I walked back in and Sophie Goldschmidt was pointing a camera phone at me.
“It’s Kelly. Anything you want to say to him?”
The pool won the first round, but things loosened up by the afternoon. Everyone got tubed. Everyone got a brace. Everyone appeared to be having the best day of their tiny lives, with the possible exception of Chas, who was by this stage nursing a broken wing. Cote won the day. Cote played it cool.
The highlight of the day for me though was the final wave.
Over the course of the day, as everyone else became more relaxed, Nick Carroll was getting progressively more intense. To be fair, unlike the rest of us buffoons, he was the only one who appeared to be doing any actual work, but this pool was really doing a number on him psychologically. Nick was in the deep end, and it was clear there was a Freudian unpacking of the whole experience going on inside his head. Blakey, meanwhile, was the Minister for Good Times who’d drunk beer at lunch and had double the wave count of anyone else. Late in the day a tinny voice announced over the PA they were calling time.
“One more wave.”
That wave was Todd’s. He was, however, going left and riding a tiny twin that had skipped out on him earlier in the day. I said to Nick, who was sitting strategically on the bowl section, that he might be a chance here. Todd took off and sure enough, as he got to the bowl section was shot in the knee by Chuck Norris and went down. Nick let out his trademark, “Ha!” and swung.
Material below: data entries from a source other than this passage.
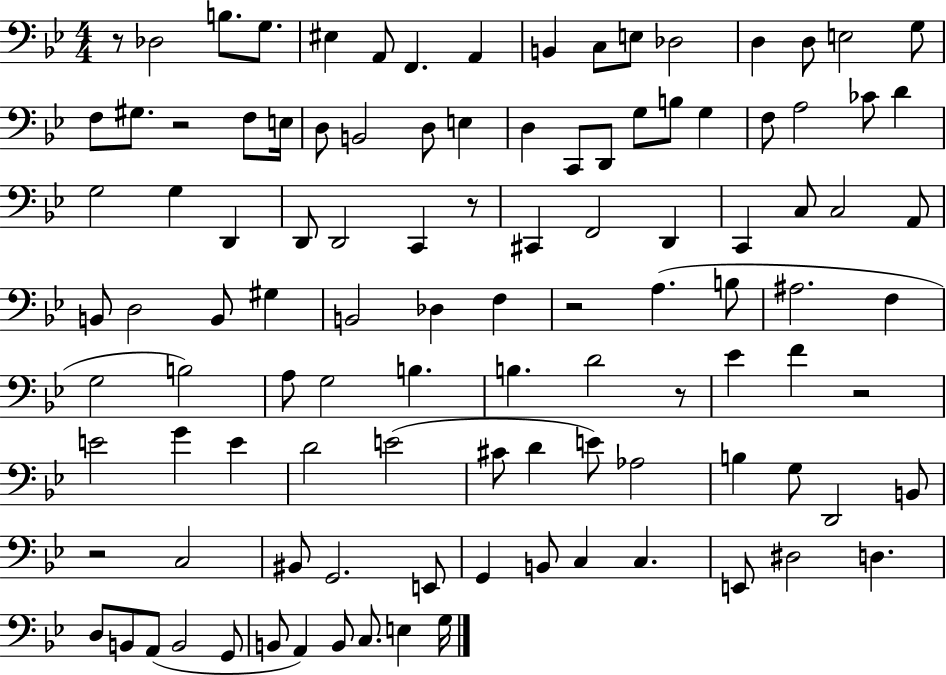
{
  \clef bass
  \numericTimeSignature
  \time 4/4
  \key bes \major
  r8 des2 b8. g8. | eis4 a,8 f,4. a,4 | b,4 c8 e8 des2 | d4 d8 e2 g8 | \break f8 gis8. r2 f8 e16 | d8 b,2 d8 e4 | d4 c,8 d,8 g8 b8 g4 | f8 a2 ces'8 d'4 | \break g2 g4 d,4 | d,8 d,2 c,4 r8 | cis,4 f,2 d,4 | c,4 c8 c2 a,8 | \break b,8 d2 b,8 gis4 | b,2 des4 f4 | r2 a4.( b8 | ais2. f4 | \break g2 b2) | a8 g2 b4. | b4. d'2 r8 | ees'4 f'4 r2 | \break e'2 g'4 e'4 | d'2 e'2( | cis'8 d'4 e'8) aes2 | b4 g8 d,2 b,8 | \break r2 c2 | bis,8 g,2. e,8 | g,4 b,8 c4 c4. | e,8 dis2 d4. | \break d8 b,8 a,8( b,2 g,8 | b,8 a,4) b,8 c8. e4 g16 | \bar "|."
}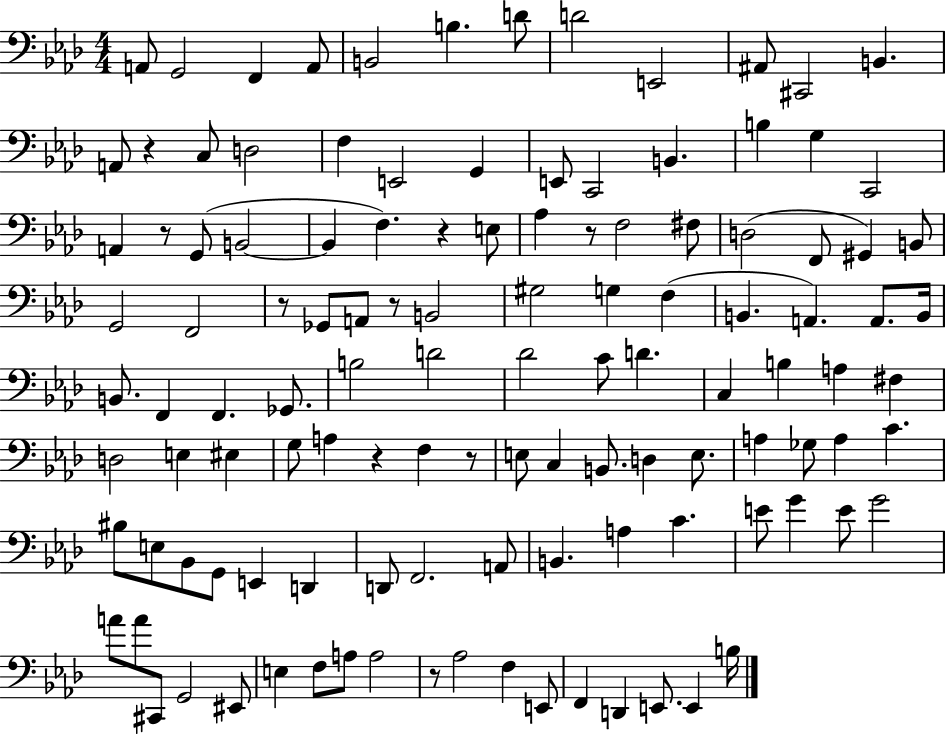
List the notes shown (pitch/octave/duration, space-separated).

A2/e G2/h F2/q A2/e B2/h B3/q. D4/e D4/h E2/h A#2/e C#2/h B2/q. A2/e R/q C3/e D3/h F3/q E2/h G2/q E2/e C2/h B2/q. B3/q G3/q C2/h A2/q R/e G2/e B2/h B2/q F3/q. R/q E3/e Ab3/q R/e F3/h F#3/e D3/h F2/e G#2/q B2/e G2/h F2/h R/e Gb2/e A2/e R/e B2/h G#3/h G3/q F3/q B2/q. A2/q. A2/e. B2/s B2/e. F2/q F2/q. Gb2/e. B3/h D4/h Db4/h C4/e D4/q. C3/q B3/q A3/q F#3/q D3/h E3/q EIS3/q G3/e A3/q R/q F3/q R/e E3/e C3/q B2/e. D3/q E3/e. A3/q Gb3/e A3/q C4/q. BIS3/e E3/e Bb2/e G2/e E2/q D2/q D2/e F2/h. A2/e B2/q. A3/q C4/q. E4/e G4/q E4/e G4/h A4/e A4/e C#2/e G2/h EIS2/e E3/q F3/e A3/e A3/h R/e Ab3/h F3/q E2/e F2/q D2/q E2/e. E2/q B3/s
He’d failed to notice, however, that Blakey had drifted down the pool and in a heartbeat had swung around and taken off. Nick roared like a stuck grizzly and it got worse for him. With Nick watching from above, Blakey went straight into an outrageous layback he had no chance of making. He fell just as he passed Nick, and the final wave of the day went through unridden.
By the time Nick had sullenly marched back, Blakey was already in the Jacuzzi with a beer. “Yeeeeeeeah Nick!” Nick was mumbling and I could only make out the words, “Fucken Blakey!” and “One more.”
Everyone climbed into the Jacuzzi of Truth, beers were drunk and secrets divulged before we were ushered off the property, the gates locked and a double dose of chlorine thrown into the pool. Some left for LA. Some for San Fran. The Samoan attorney disappeared into the depths of the Tachi.
My pre-baked notion was that my conscientious objection to man playing god and creating his own surf would wash away with the first tube, and this turned out to more or less be the case. My primal surf brain won the day, but the days after were spent pondering what it all meant. (We drove the following day to Vegas where the contemplation ran deep on the 15th floor of the Venezia). The pool had, we concluded, flipped surfing on its head. In the wild you measure your surfing from the ground up. The waves you scored, the turns you did, the tubes you found. Everything is a gift. With a wave that’s starting point is flawless, you measure from the top down. You subtract from perfect. The sections you blew, the tube you dodged, the wave Blakey stole from you.
Man doing what man does, I suppose.
I left there with a chlorine buzz, tinged with just a pang of regret. I, like Nick, just wanted one more. I suppose this was by design. I’m sure there’s a threshold point where the buzz of riding this wave will diminish. What’s the saying? No matter how hot she is, some guy, somewhere is tired of her shit? But after eight waves I wasn’t quite at that threshold yet.